▸ EXERCISE DESCRIPTION
Pictures stay out of the output. Return exactly the lines below from the one with "Read Tower of God ES Manga Online" down to the one with "D.S. &amp; Durga", both included, and nothing more.

▸ DATA RECORDS
#####

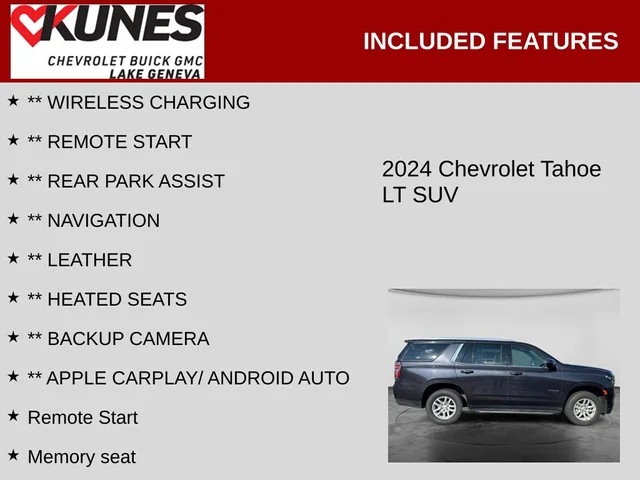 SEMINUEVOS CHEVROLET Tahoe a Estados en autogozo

#####

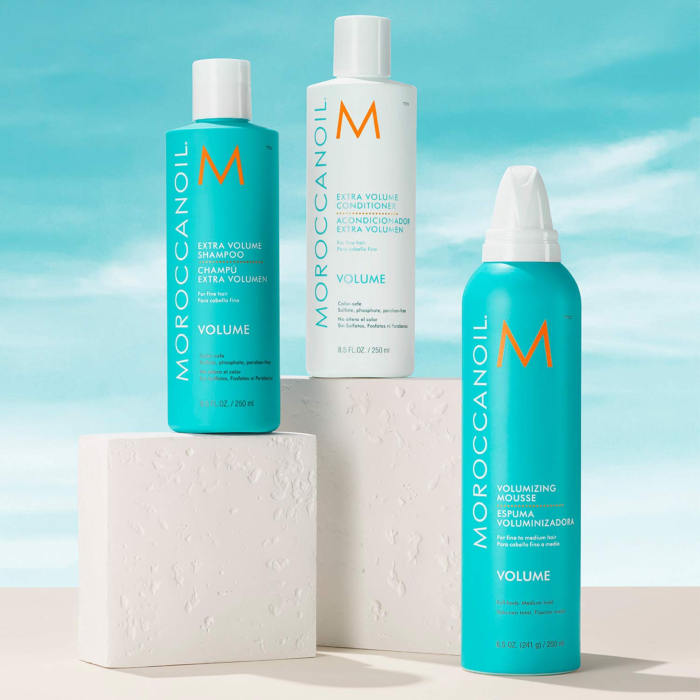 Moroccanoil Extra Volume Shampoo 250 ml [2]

#####

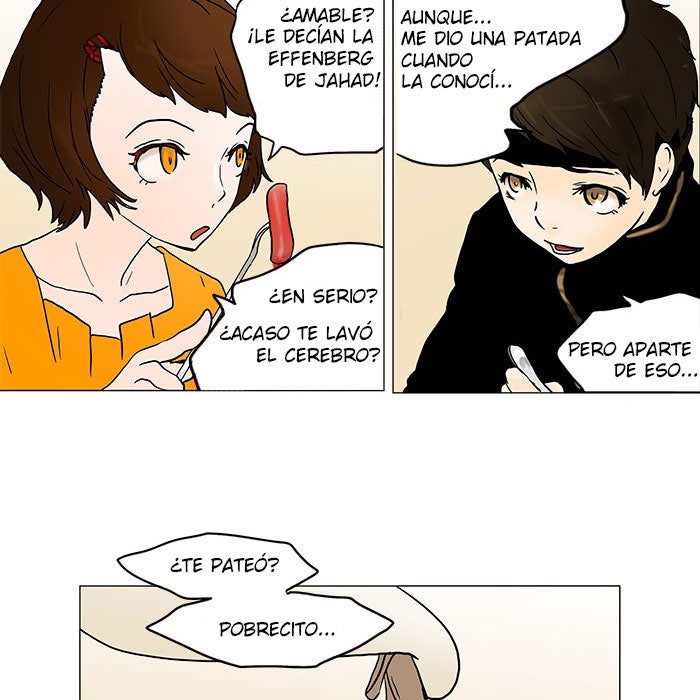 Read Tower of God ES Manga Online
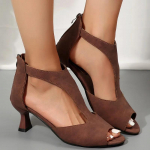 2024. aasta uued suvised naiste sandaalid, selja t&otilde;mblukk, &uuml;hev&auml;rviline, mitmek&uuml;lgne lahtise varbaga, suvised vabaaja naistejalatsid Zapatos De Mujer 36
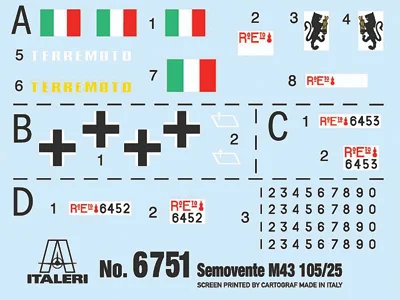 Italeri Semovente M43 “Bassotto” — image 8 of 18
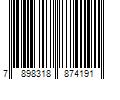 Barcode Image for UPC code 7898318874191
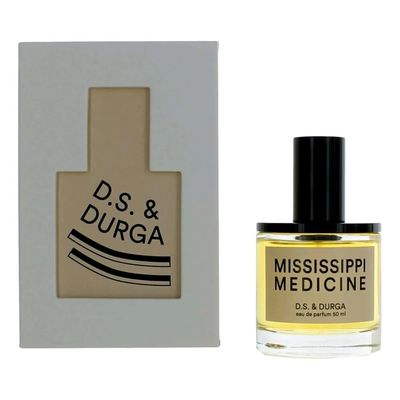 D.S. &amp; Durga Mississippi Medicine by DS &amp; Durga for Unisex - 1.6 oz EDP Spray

#####

▸ SOLUTION TO THE EXERCISE
 Read Tower of God ES Manga Online
 2024. aasta uued suvised naiste sandaalid, selja t&otilde;mblukk, &uuml;hev&auml;rviline, mitmek&uuml;lgne lahtise varbaga, suvised vabaaja naistejalatsid Zapatos De Mujer 36
 Italeri Semovente M43 “Bassotto” — image 8 of 18
 Barcode Image for UPC code 7898318874191
 D.S. &amp; Durga Mississippi Medicine by DS &amp; Durga for Unisex - 1.6 oz EDP Spray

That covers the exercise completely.